**RECORDED DATA:**

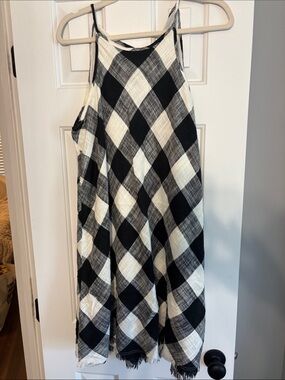 cloth & stone Black and White Plaid Circle Skater Dress by Anthropologie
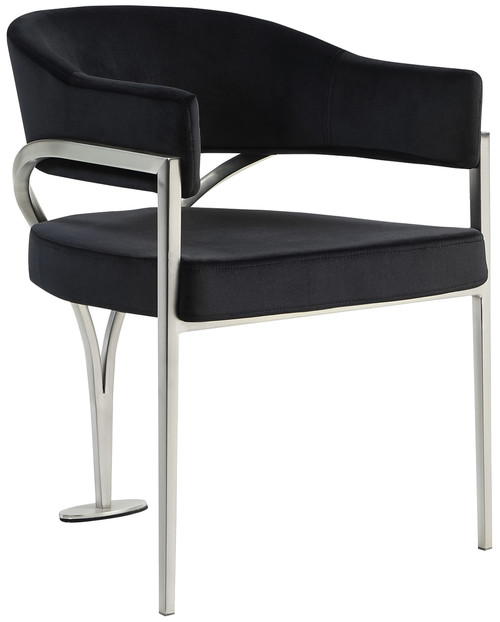 Velvet Upholstered Dining Chair with Brushed Chrome Metal Frame, 23.5" W x 22" D x 30" H, Black, Set of 2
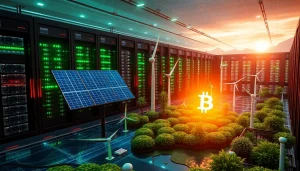 Bitcoin cloud mining in a sustainable, eco-friendly data center with renewable energy sources.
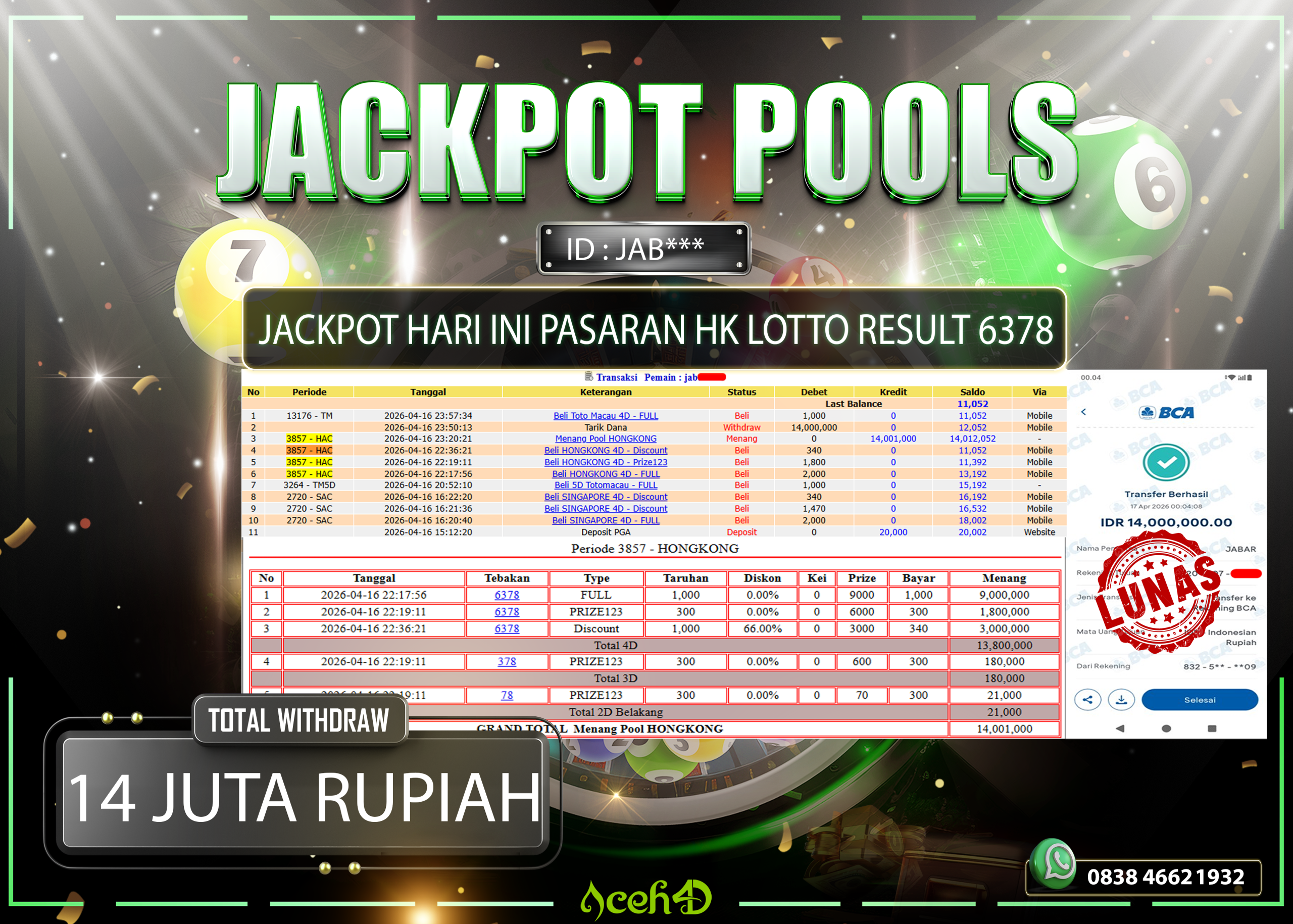 🔥🔥 JACKPOT HARI INI, SELASA 16-04-2026 🔥🔥💸💸JACKPOT TOGEL PASARAN SYDNEY HONGKONG LOTTO DARI MEMBER SETIA ACEH4D 💸💸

**GOAL OF THE EXERCISE:** Return exactly the lines that begin with the one containing "Bitcoin cloud mining" and end with the final line of the data above; include no pictures.

**RESULT BELOW:**
 Bitcoin cloud mining in a sustainable, eco-friendly data center with renewable energy sources.
 🔥🔥 JACKPOT HARI INI, SELASA 16-04-2026 🔥🔥💸💸JACKPOT TOGEL PASARAN SYDNEY HONGKONG LOTTO DARI MEMBER SETIA ACEH4D 💸💸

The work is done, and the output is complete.